= Ernst Badian =

Austrian classical scholar (1925–2011)

Ernst Badian

Ernst Badian (8 August 1925 – 1 February 2011) was an Austrian-born classical scholar who served as a professor at Harvard University from 1971 to 1998.

== Early life and education ==
Badian was born in Vienna in 1925 and in 1938 fled the Nazis with his family to New Zealand. There he attended the University of Canterbury, Christchurch (then Canterbury University College), where he met his future wife Nathlie Ann Wimsett. He received a BA in 1945 and an MA the following year.

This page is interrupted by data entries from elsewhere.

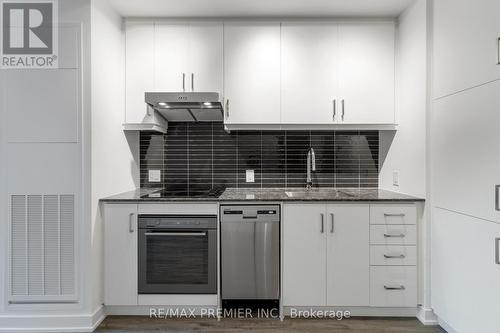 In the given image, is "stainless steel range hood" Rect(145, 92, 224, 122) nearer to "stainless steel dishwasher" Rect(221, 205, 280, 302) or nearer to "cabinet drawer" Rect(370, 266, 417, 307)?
"stainless steel dishwasher" Rect(221, 205, 280, 302)

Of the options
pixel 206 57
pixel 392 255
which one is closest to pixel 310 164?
pixel 392 255

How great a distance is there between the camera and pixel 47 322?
2.10m

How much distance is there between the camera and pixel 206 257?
2.23 metres

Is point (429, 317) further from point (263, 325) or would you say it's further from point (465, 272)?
point (263, 325)

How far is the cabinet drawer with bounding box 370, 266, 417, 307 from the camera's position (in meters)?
2.21

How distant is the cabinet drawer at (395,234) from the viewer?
221 cm

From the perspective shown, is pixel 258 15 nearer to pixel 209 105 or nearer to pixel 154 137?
pixel 209 105

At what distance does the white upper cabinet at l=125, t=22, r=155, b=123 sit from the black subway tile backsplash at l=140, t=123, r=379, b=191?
0.45 meters

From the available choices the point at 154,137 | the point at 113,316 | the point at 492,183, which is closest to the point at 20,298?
the point at 113,316

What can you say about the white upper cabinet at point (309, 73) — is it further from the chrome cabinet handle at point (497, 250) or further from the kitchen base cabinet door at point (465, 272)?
the chrome cabinet handle at point (497, 250)

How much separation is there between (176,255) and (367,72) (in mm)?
2245

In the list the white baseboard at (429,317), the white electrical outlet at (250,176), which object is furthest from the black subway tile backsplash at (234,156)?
the white baseboard at (429,317)

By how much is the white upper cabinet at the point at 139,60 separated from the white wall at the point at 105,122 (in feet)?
0.18

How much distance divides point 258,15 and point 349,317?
2.63 m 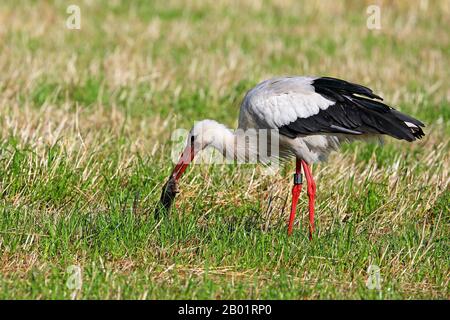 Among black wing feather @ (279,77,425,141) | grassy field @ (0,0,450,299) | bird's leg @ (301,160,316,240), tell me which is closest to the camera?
grassy field @ (0,0,450,299)

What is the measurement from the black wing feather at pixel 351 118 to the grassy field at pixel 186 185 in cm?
70

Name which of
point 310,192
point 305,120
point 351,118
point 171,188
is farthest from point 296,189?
point 171,188

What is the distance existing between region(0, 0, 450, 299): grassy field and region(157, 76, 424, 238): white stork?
47 centimetres

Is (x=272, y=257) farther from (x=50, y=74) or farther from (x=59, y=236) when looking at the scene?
(x=50, y=74)

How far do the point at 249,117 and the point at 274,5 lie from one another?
9.37 meters

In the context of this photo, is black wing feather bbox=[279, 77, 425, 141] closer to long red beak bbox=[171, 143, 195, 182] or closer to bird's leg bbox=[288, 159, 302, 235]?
bird's leg bbox=[288, 159, 302, 235]

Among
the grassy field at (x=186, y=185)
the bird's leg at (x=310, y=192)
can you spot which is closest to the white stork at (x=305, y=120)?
the bird's leg at (x=310, y=192)

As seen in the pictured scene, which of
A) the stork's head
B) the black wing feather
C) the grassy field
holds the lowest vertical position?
the grassy field

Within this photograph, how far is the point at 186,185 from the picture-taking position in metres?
7.04

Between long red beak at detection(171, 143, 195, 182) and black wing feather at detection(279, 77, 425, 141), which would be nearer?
black wing feather at detection(279, 77, 425, 141)

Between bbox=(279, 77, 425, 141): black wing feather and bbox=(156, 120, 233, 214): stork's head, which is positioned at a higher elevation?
bbox=(279, 77, 425, 141): black wing feather

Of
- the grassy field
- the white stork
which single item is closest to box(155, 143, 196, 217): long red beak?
the white stork

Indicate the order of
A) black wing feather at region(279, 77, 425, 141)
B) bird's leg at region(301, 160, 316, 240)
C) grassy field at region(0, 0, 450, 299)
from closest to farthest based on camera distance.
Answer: grassy field at region(0, 0, 450, 299) → black wing feather at region(279, 77, 425, 141) → bird's leg at region(301, 160, 316, 240)

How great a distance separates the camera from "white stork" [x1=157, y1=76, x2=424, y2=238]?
642cm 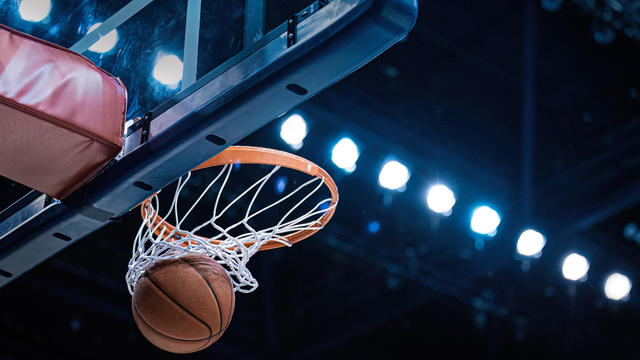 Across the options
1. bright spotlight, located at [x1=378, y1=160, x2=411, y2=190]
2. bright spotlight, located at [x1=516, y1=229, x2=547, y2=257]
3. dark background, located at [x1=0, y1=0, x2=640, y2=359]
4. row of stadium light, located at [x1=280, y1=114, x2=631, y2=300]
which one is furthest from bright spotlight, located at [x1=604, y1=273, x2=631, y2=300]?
bright spotlight, located at [x1=378, y1=160, x2=411, y2=190]

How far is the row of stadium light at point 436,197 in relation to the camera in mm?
3979

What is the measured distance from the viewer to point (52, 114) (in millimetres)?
1649

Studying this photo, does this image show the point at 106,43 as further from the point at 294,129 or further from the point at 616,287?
the point at 616,287

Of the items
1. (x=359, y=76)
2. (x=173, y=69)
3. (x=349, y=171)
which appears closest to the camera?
(x=173, y=69)

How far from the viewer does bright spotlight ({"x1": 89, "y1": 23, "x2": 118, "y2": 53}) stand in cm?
219

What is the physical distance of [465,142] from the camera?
15.3 feet

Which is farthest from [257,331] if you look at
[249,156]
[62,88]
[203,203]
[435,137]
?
[62,88]

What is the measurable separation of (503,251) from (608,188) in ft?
2.91

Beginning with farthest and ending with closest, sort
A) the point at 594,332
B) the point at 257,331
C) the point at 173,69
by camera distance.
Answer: the point at 594,332
the point at 257,331
the point at 173,69

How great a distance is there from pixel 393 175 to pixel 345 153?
0.38 metres

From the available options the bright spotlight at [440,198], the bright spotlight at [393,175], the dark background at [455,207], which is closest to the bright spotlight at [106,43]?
the dark background at [455,207]

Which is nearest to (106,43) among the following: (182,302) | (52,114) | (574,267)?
(52,114)

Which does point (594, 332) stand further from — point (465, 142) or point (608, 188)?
point (465, 142)

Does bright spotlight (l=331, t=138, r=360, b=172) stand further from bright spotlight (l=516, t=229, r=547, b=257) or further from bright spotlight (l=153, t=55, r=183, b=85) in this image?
bright spotlight (l=153, t=55, r=183, b=85) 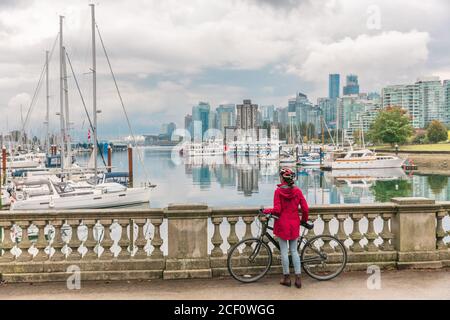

After a year teaching at the Victoria University of Wellington, Badian went to University College, Oxford, where he studied under George Cawkwell, gained a first class BA in Litt Hum in 1950, an MA in 1954 and a DPhil in 1956. In addition, he gained the degree of LittD from New Zealand's Victoria University of Wellington in 1962.

==Academic career==
After teaching in the universities of Sheffield, Durham, and Leeds in England and at the University at Buffalo, he was appointed to Harvard's Department of History in 1971 and was cross-appointed to the Department of the Classics in 1973. He became John Moors Cabot Professor of History Emeritus in 1998.

An active promoter of classical studies in the United States, Badian helped found The American Journal of Ancient History (1976), the Association of Ancient Historians (1974), and the New England Ancient History Colloquium.

== Academic works ==
One of Badian's major fields of interest was Alexander the Great. Even though he never published a monography on him, he wrote several dozens of contributions as articles or reviews related to Alexander and his time. His main goal was to counter the influential works of William Woodthorpe Tarn (1869–1957), who made a very idealistic portrait of Alexander, presented as a fine gentleman spreading Greek civilisation over the Earth, while also dismissing some points of his personality (his drunkenness, bisexuality, or cruelty). Badian's depiction of Alexander was more that of a ruthless dictator. In 1958, Badian published his first article on Alexander, in which he bluntly wrote in the introduction: Ever since 1933, Tarn's figure of Alexander the Dreamer has explicitly claimed the credit for this re-orientation: the phantom has haunted the pages of scholarship, and even source-books and general histories of philosophy and of ideas – at least in this country – have begun to succumb to the spell. Perhaps a quarter of a century is long enough for the life-span of a phantom: it is clearly threatening to pass into our tradition as a thing of flesh and blood. It is the aim of this article – an aim in which it can hardly hope to be immediately successful – to lay the ghost.Eugene Borza tells that this paper—and another published the same year on Alexander's eunuch and lover Bagoas—created "a revolution in Alexander studies", as he exposed many flaws in Tarn's treatment of the Macedonian king. Many of his subsequent articles continued to contradict and harshly criticise Tarn's findings. For example, in his 1971's article on Agis III, Badian wrote that Tarn was "blinded by even more than his usual prejudice towards opponents of Alexander, and distort[ed] the actual facts in an all but irresponsible fashion".

==Honours==
Badian was elected a fellow of the American Academy of Arts and Sciences in 1974.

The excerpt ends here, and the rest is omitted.